Dans son Histoire de la marche, de Baecque aborde la figure du flâneur parisien. Je parcours distraitement les pages de ce chapitre que je connais presque par coeur sans l’avoir jamais lu ; la tarte-à-la-crème ne me touche plus du tout. Marcher dans Paris, pour moi, désormais, c’est voir le monde comme il déraille, la modernité comme elle nous flingue. Il cite Heine : « Quand Dieu le père veut s’amuser un brin, il ouvre les fenêtres de son palais céleste et regarde les Grands Boulevards ». Aujourd’hui, sur les Grands Boulevards, je ne remarque que des gens bardés d’oreillettes, sapés fancy, portant chacun deux ou trois sacs en carton griffés des boutiques de prêt-à-porter – et ça ne m’amuse pas du tout.


Je poursuis sur la ville.
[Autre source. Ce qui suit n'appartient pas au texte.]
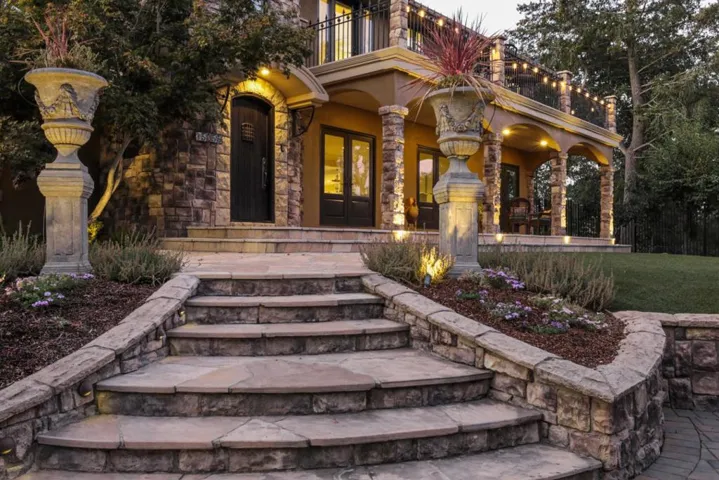 15955 Barry Lane, Monte Sereno, California 95030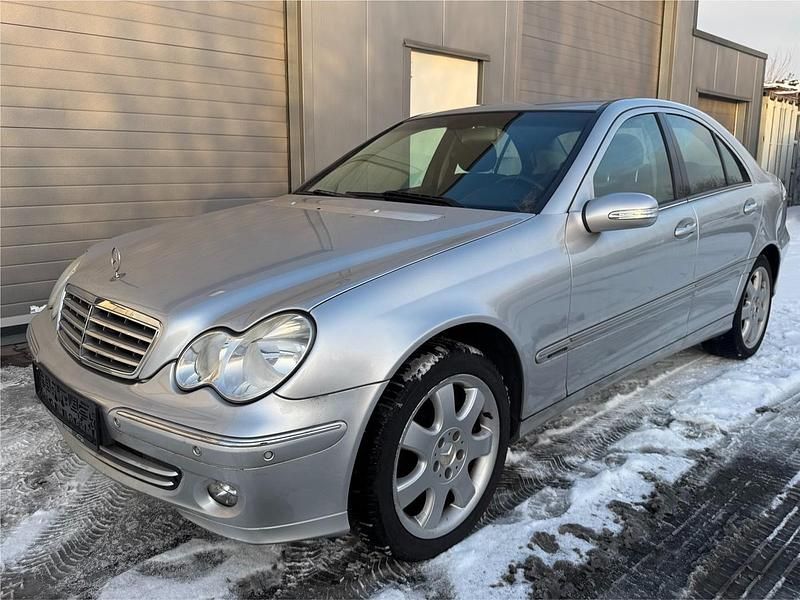 Silber Gebraucht 2004 Mercedes C180 Limousine | 3.499 € (Fairer Preis) - Bild 1/4
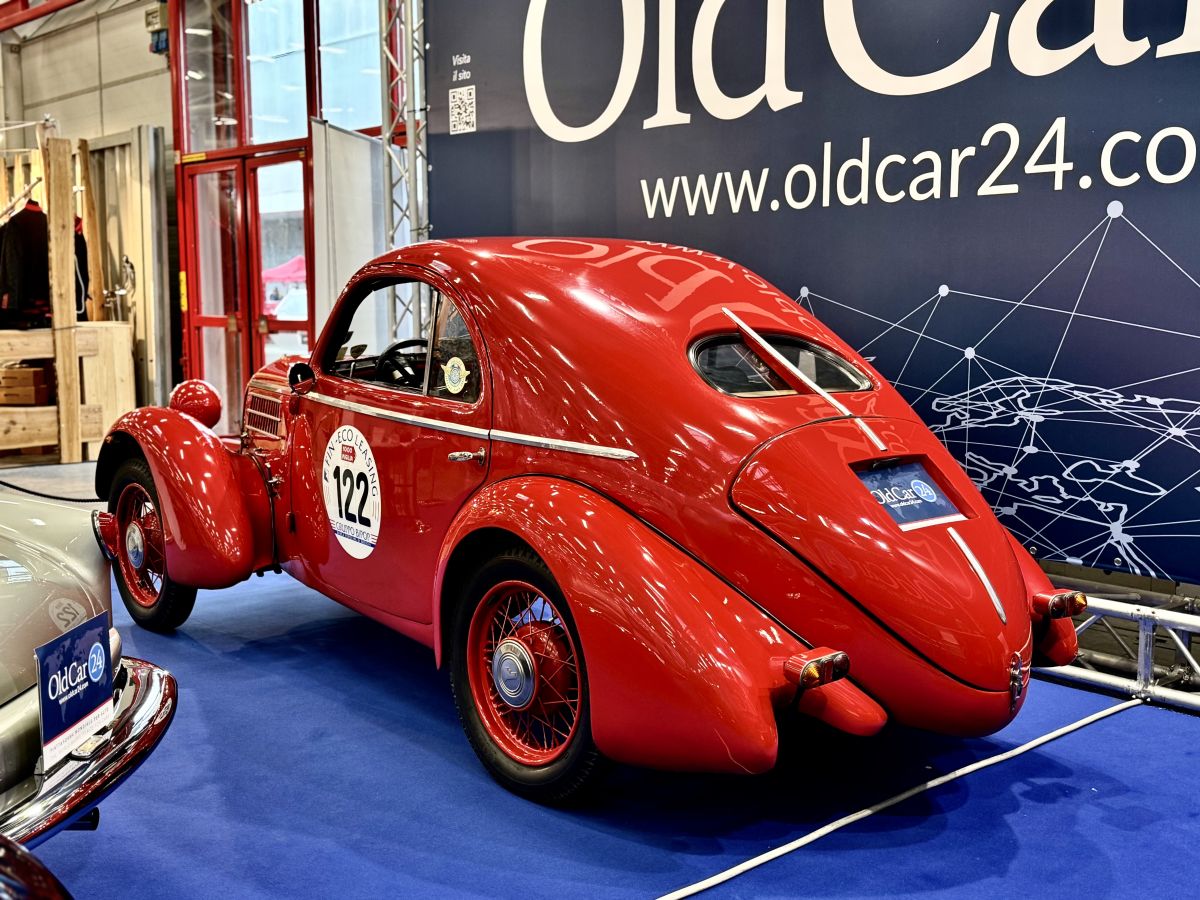 Bologna Vintage Cars and Motorcycles, Europe's largest classic car fair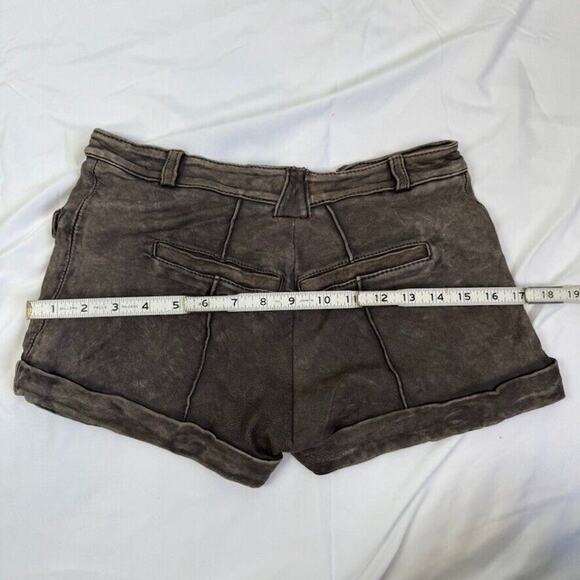 Doma Lamb Leather Mini Shorts 28" S Grey Brown Washed Vintage Finish $500 - Picture 12 of 16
Il y a une trentaine d’années, sans doute à la faveur de la désindustrialisation massive, le thème de la ville est revenu en force en littérature. On scrutait les quais de gare, les cafés des travailleurs, les taxis et les autobus. La ville n’était plus cette enchanteresse, le lieu de tous les possibles, mais le trait visible des multiples fractures de la société. Il y avait encore beaucoup à écrire sur la ville, elle suscitait encore le désir de création. Aujourd’hui, il n’y a plus rien que je désire dans la ville. J’écris encore sur elle, sans doute, mais pour une autre raison : elle est désormais l’ennemi, toute notre faute et notre déréliction.

Cliché peut-être, mais quand même : à deux cents mètres de l’appartement, il y a un de ces naufragés que décrit si bien Declerck dans Les Naufragés. Peu après notre arrivée dans la rue, il s’est construit une sorte de cabane à même le trottoir en se servant d’un réverbère comme colonne de structure, et pour le sol d’une moitié de palette. En guise de toile, pour imperméabiliser, il a entouré la cabane d’une épaisseur de couverture de survie, et d’une deuxième de chatterton. Presque un an qu’il vivait là-dedans ; aucune circulation d’air, insalubre au possible. Il y dormait durant les chaleurs de l’été, je n’ose pas imaginer.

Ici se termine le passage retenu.